Na verdade, o que há de novo (e resgate) em Flusser é também um desejo de jogo, de brincadeira. Um desejo de brinquedo que ainda se advinha em gente como Huizinga. Ou em temperamentos menos tutelados, bitolados ou de predisposição menos sectária ou dogmática. E é depois de dimensionar o quanto a máquina deixa muito pouco espaço à criatividade, que Flusser sugere o momento do jogo e da criação. Um jogo limitado pela potência, pela prepotência da tecnologia. Ou pela sofisticação por trás dela, que nos leva a um oximoresco, crescente paroxismo em relação ao fetiche que a anima, que vive embutido nela.¹
Mas, ocorre que, antes de Flusser – e em seguida a Huizinga - a geração dos teóricos de Frankfurt – com a possível exceção de Benjamin e do Kracauer de O Ornamento da Massa – pôs demasiada sisudez e propôs muito pouco jogo, ludo, brincadeira no que mentou. E isso foi absorvido por gente como Habermas, que levou essa sisudez e esse hieratismo acadêmico a uma máxima potência. Ocorre que Habermas, que foi contemporâneo de Flusser, foi também muito mais influente à época e até uns poucos anos atrás, com a sua “teoria da ação comunicativa”.
Hoje, as ações de Habermas na bolsa das teorias conhecem um severo refluxo. O que implica dizer que, dentro de um certo sentido, o “bom-humor” de Flusser é um dado recente, e, no entanto, muito bem-vindo: “imaginar, não coisas impossíveis, mas coisas improváveis, isto é ter fantasia”.
Ora, deter-se feito um basbaque na análise do Twitter não seria do temperamento de Flusser. Ele tinha fantasia. O Twitter não é algo propriamente improvável: é uma realidade, uma forma efetiva de comunicação utilizada por milhões de usuários no mundo inteiro há vários anos. Difícil prognosticar o ponto em que o Twitter atingirá seu zênite para, então, murchar - como já está murchando o Orkut. Mas é certo que ele cessará de disponibilizar sua lógica de teia social tão logo deixe de dar lucro. 
Em dado momento Flusser nos diz que “uma máquina é algo projetado para ludibriar”. Em outro, acerca o artista do trapaceiro; ou a arte do embuste.²
Não se ouve isso de teóricos renomados a todo o instante. Esse grau de jogo e diversão na construção da teoria mesma. Essa linguagem desabusada, informal, cortejando a fala.
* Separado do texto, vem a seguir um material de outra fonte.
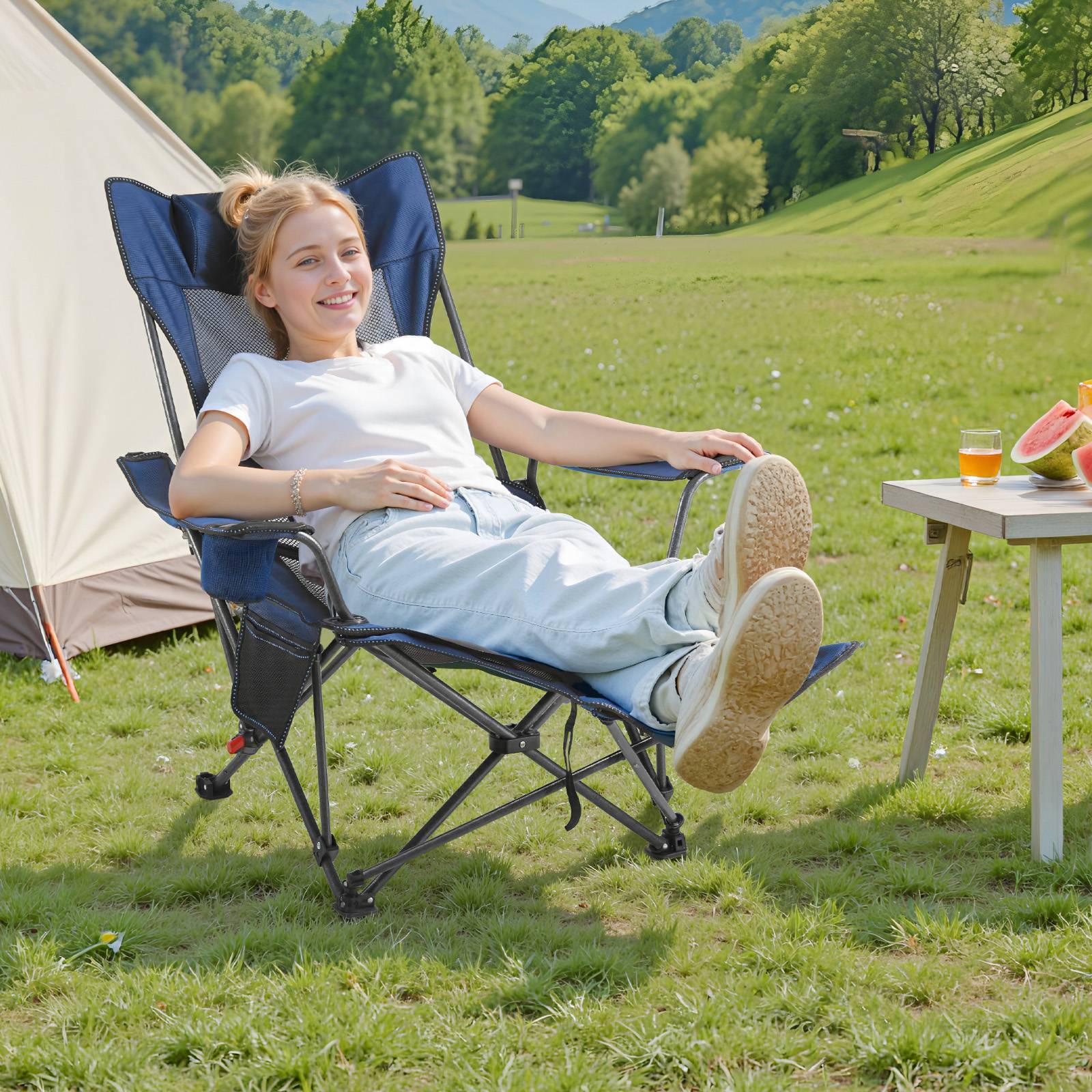 Vevor - VEVOR Chaise Camping Pliante Chaise Longue Inclinable Portable Tissu Maille Bleu - Image 8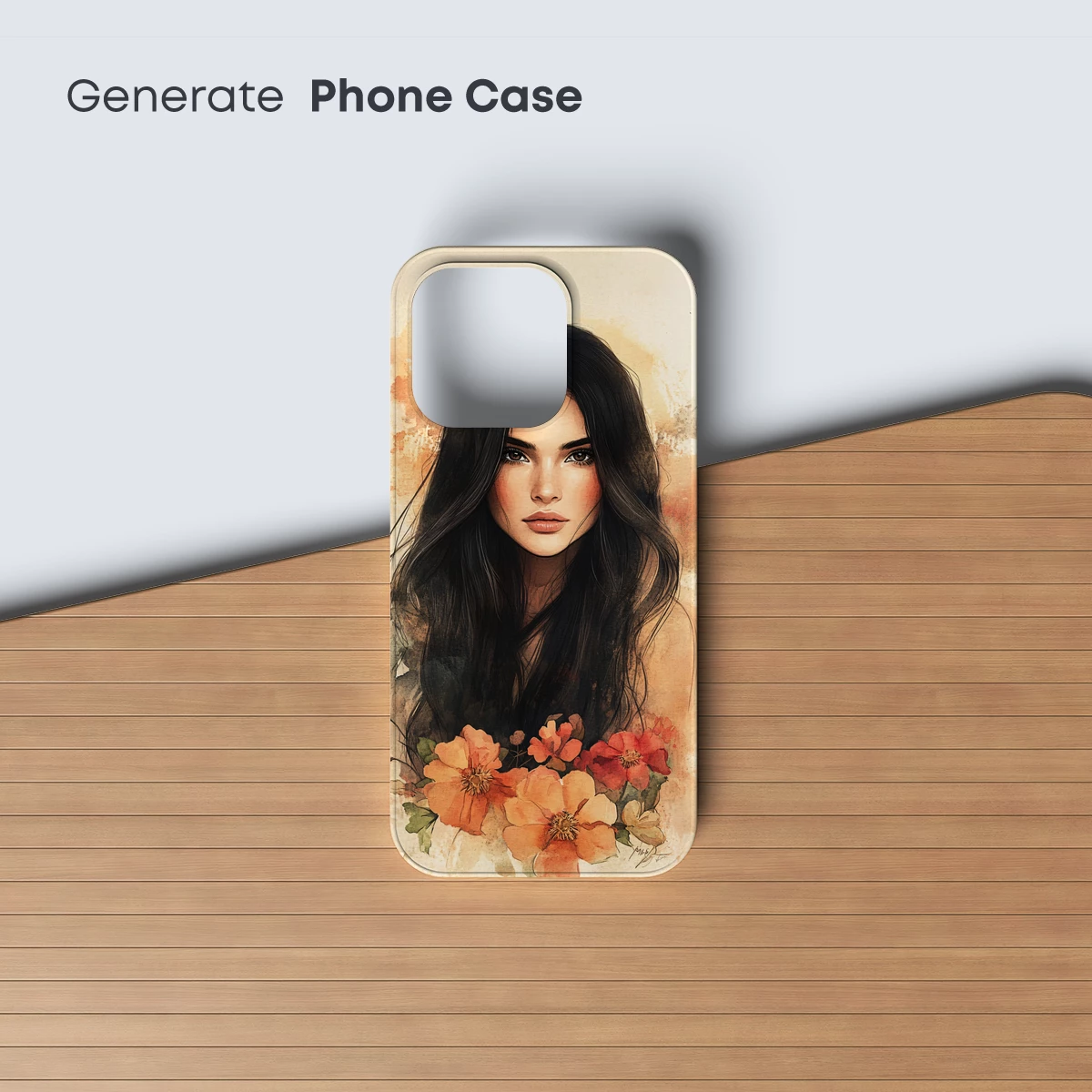 Ethereal Floral Portrait: Watercolor Elegance - Image 3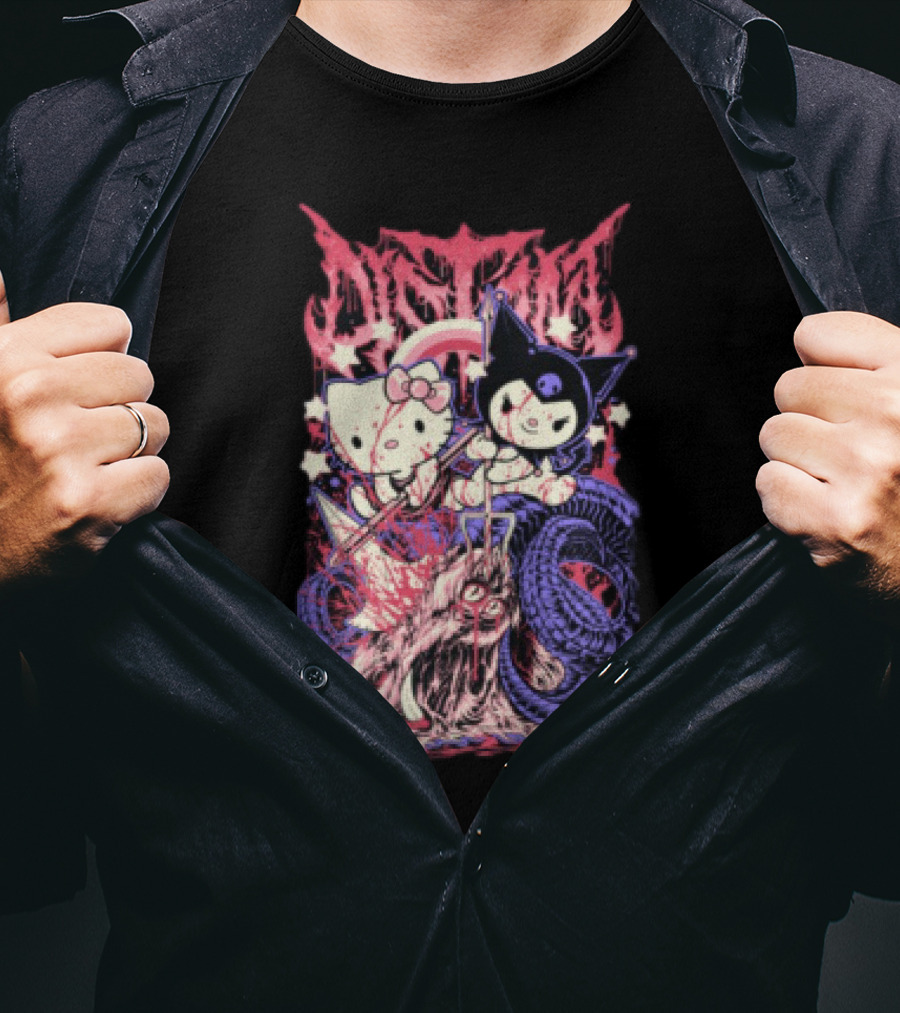 Distant Kitties New Hello Kuromi Gothic Horror Fusion T-Shirt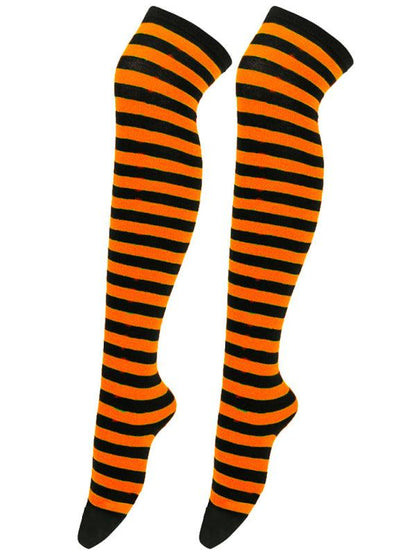 New daily casual over-the-knee socks for women long Christmas and Halloween striped stockings Pattern6 FREESIZE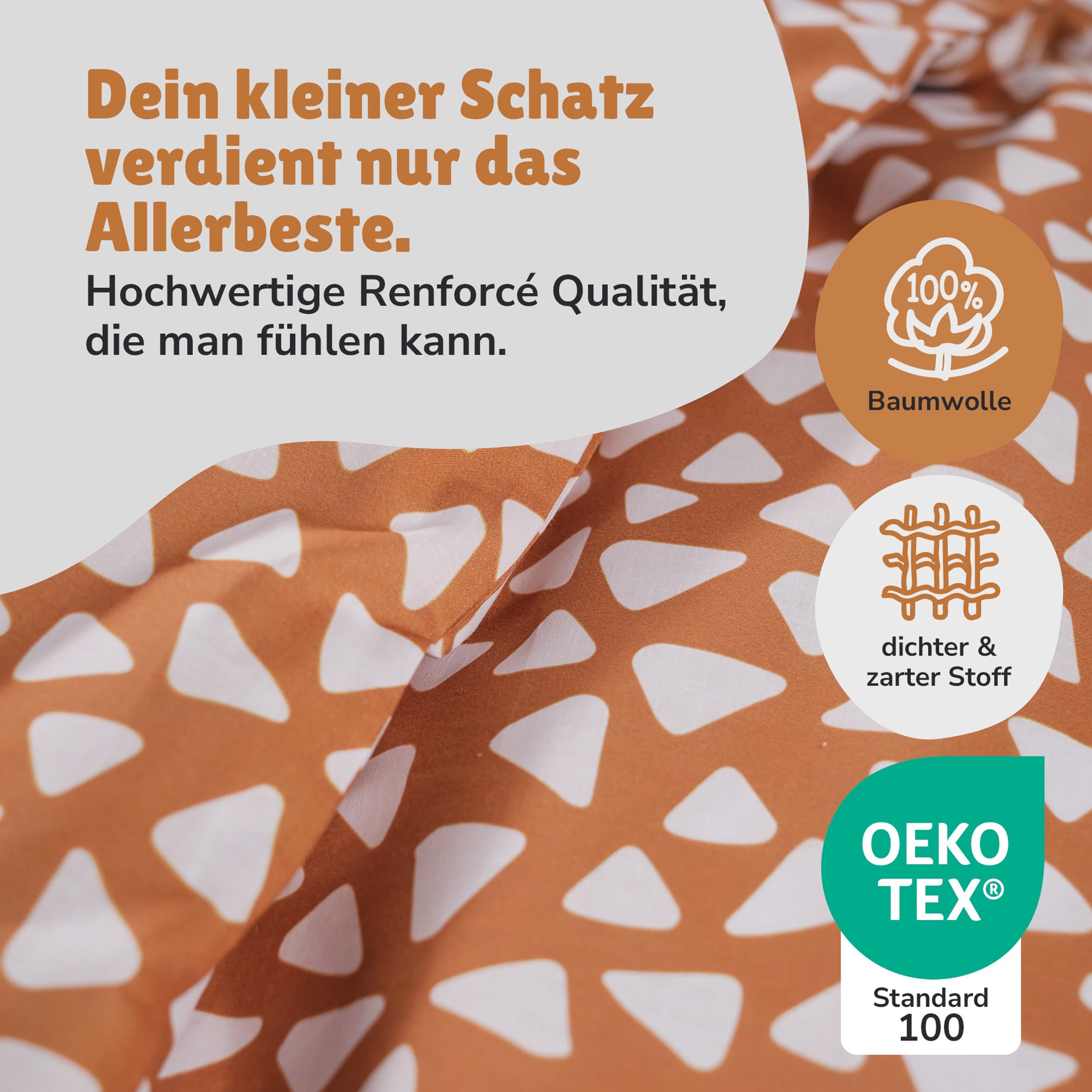 Infotafel Material 100% Baumwolle und Renforcé Qualität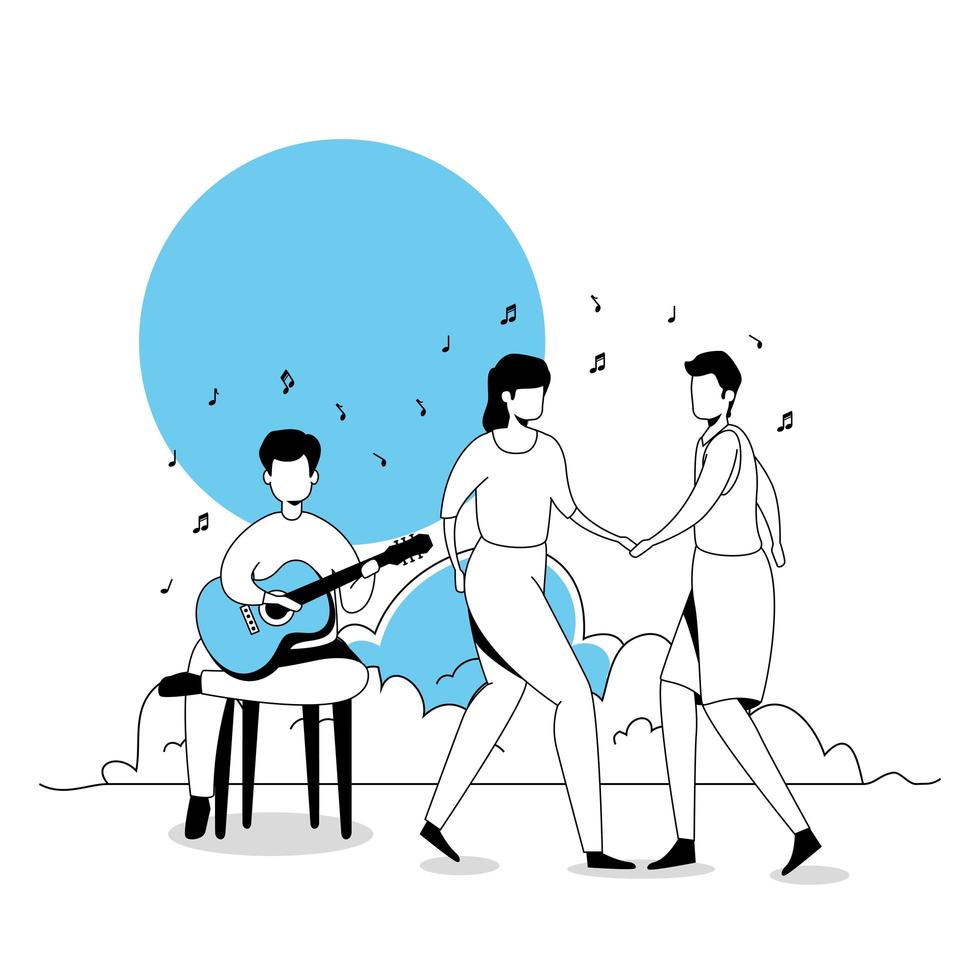 man with guitar and couple dancing vector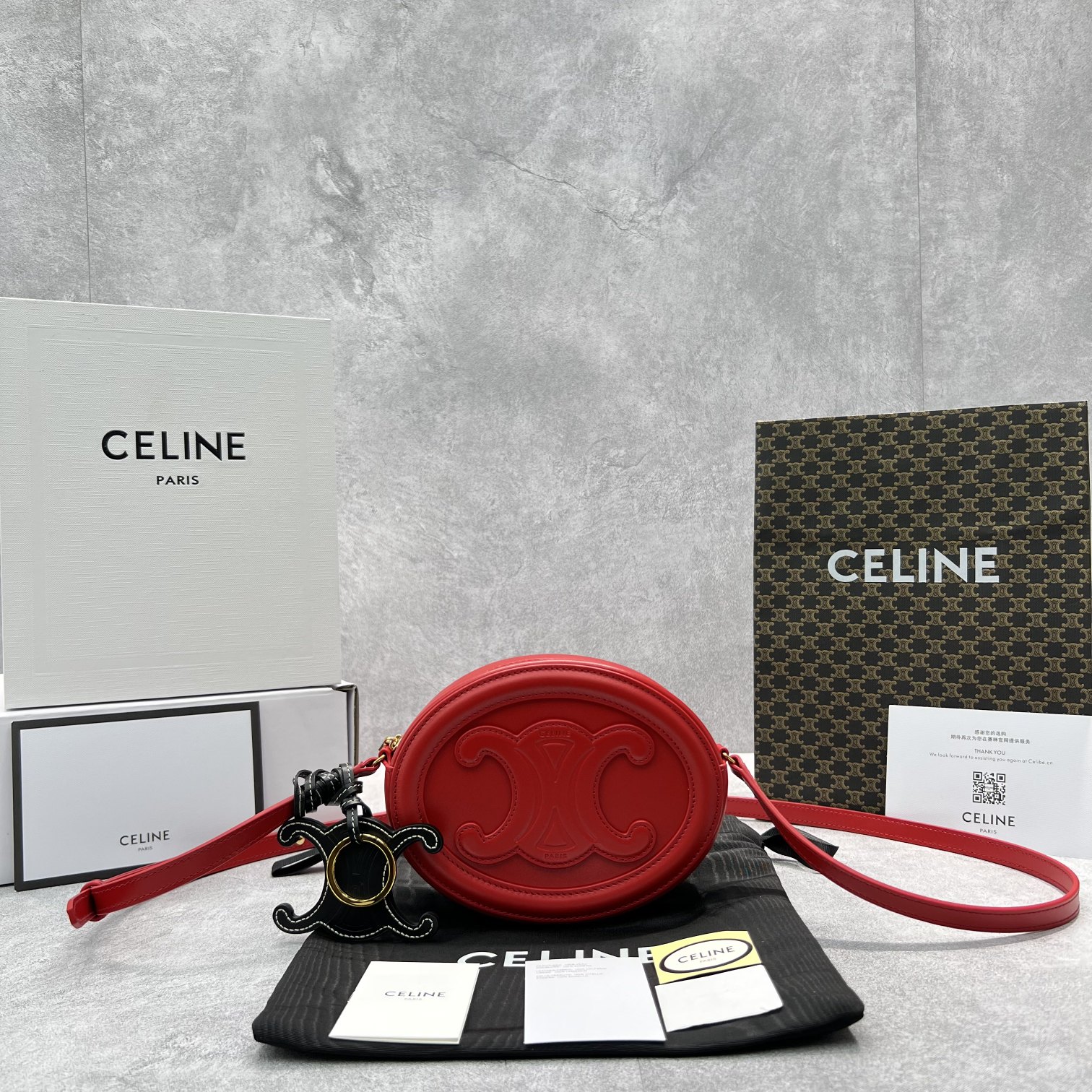 Celine Crossbody Oval Purse Cuir Triomphe Red For Women 6in/16cm  - Soul Replicas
Essas nomeações, formações de terminologia quando muito tendem ao esoterismo teórico e à seita, como em Deleuze. Mas não ao ludo.
Na contramão disso, os materiais nas mãos de Flusser ainda são estimulantemente toscos, brutos, como nas mãos de uma criança que empresta vida aos bonecos ou ao sabugo de milho de forma jocosamente exemplar. Pois Flusser está sondando, investigando, nomeando fenômenos ainda incipientes – o que o Twitter já não é, em si. O que o Twitter só pode ser na relação com algo que ainda não percebemos, e ainda segue envolto nas dobras do futuro. 
Do mesmo modo, uma criança, por inversão, é incipiente ao investigar qualquer fenômeno. Inclusive o Twitter. Essa é a diferença da criança para Flusser.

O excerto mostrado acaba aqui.